### GIVEN INFORMATION
□ □ □

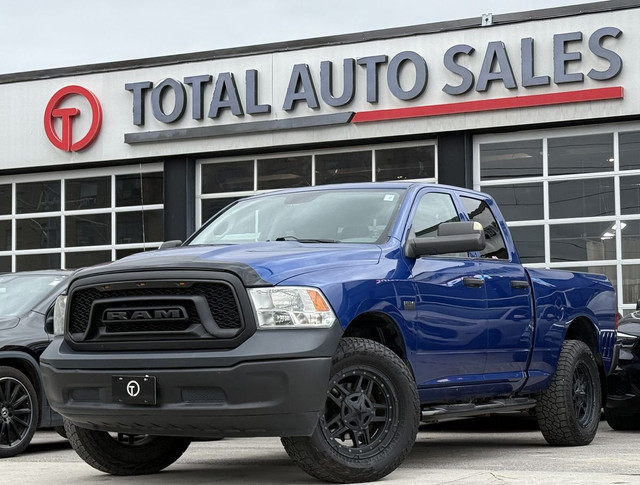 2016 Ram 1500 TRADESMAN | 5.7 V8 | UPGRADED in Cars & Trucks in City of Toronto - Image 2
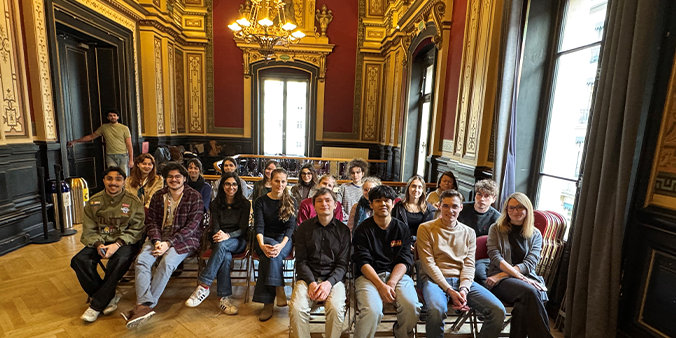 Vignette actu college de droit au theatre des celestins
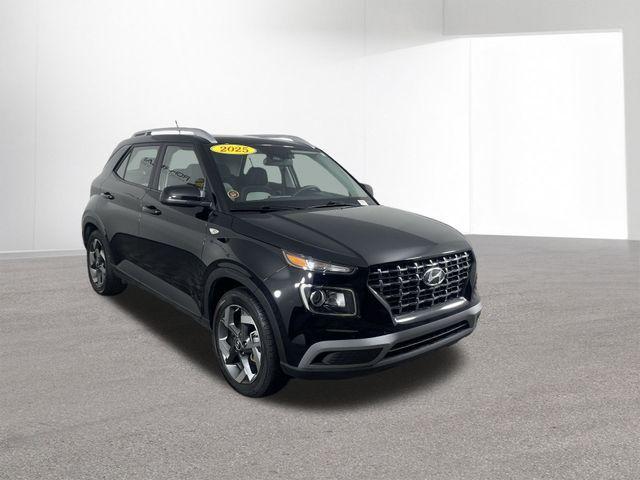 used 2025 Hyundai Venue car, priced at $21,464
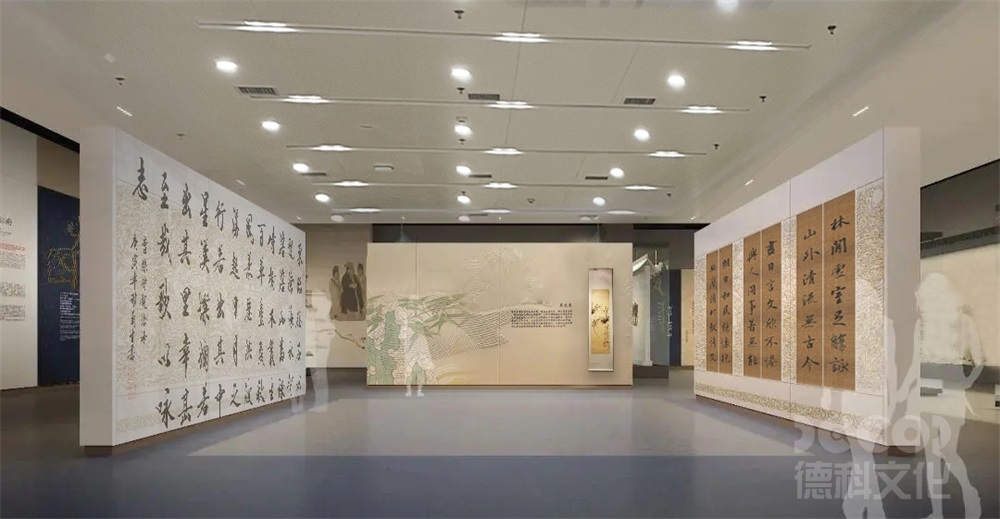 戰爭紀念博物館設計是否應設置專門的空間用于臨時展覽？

□ □ □

### EXERCISE DETAILS
Would you print the material exactly once more, without any of its pictures?

### TASK RESPONSE
 2016 Ram 1500 TRADESMAN | 5.7 V8 | UPGRADED in Cars & Trucks in City of Toronto - Image 2
 Vignette actu college de droit au theatre des celestins
 used 2025 Hyundai Venue car, priced at $21,464
 戰爭紀念博物館設計是否應設置專門的空間用于臨時展覽？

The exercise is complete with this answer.